- [Stored data]:
▶
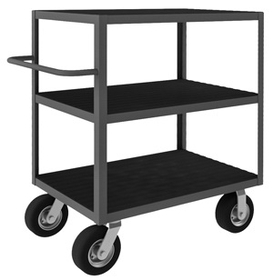 Durham RIC-243645-3-95 Rolling Instrument Cart with 8" x 3" Pneumatic casters, (2) rigid and (2) swivel, 3 shelves with Non-slip black vinyl matting on all shelves and tubular push handle, gray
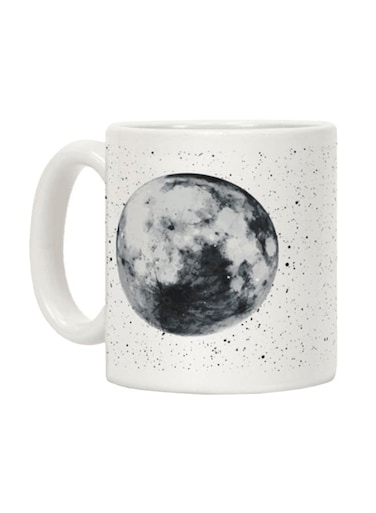 Moon Printed Coffee Mug White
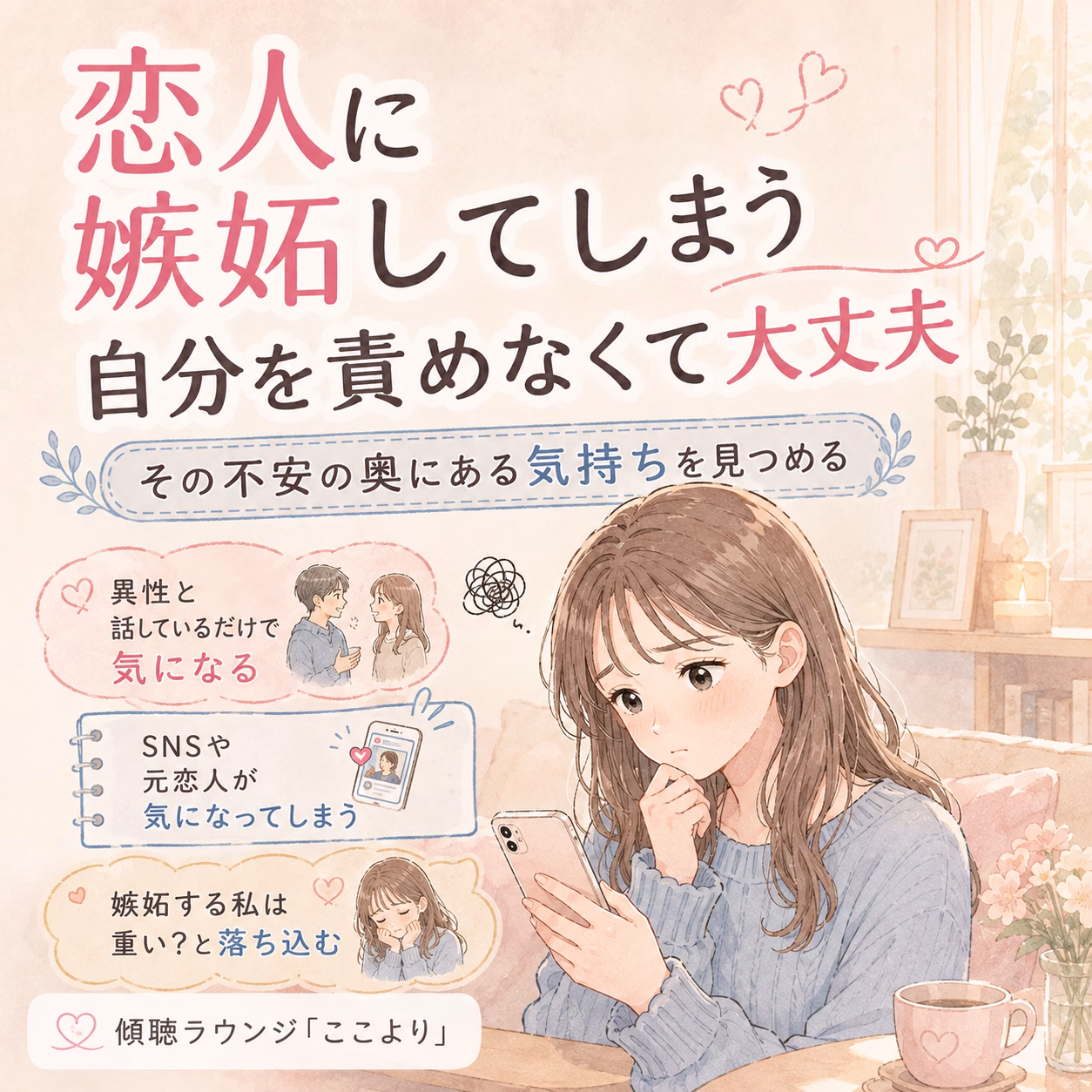 恋人に嫉妬してしまう自分を、まず責めなくて大丈夫です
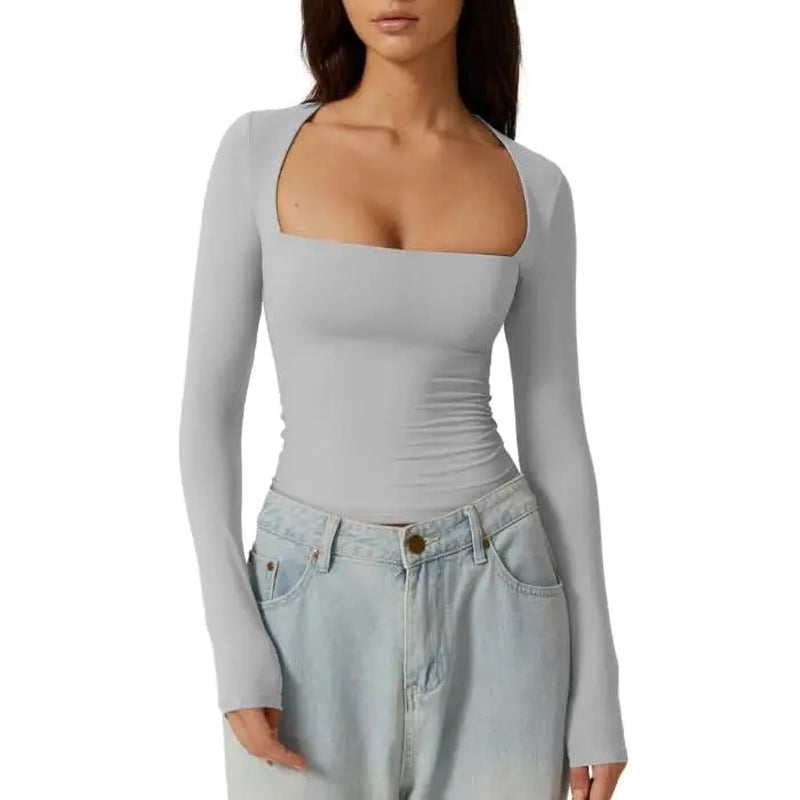 SQUARE NECK FITTED TOP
◀
- [Problem statement]: The result should be a verbatim copy of the data, free of pictures.

- [Exercise answer]:
 Durham RIC-243645-3-95 Rolling Instrument Cart with 8" x 3" Pneumatic casters, (2) rigid and (2) swivel, 3 shelves with Non-slip black vinyl matting on all shelves and tubular push handle, gray
 Moon Printed Coffee Mug White
 恋人に嫉妬してしまう自分を、まず責めなくて大丈夫です
 SQUARE NECK FITTED TOP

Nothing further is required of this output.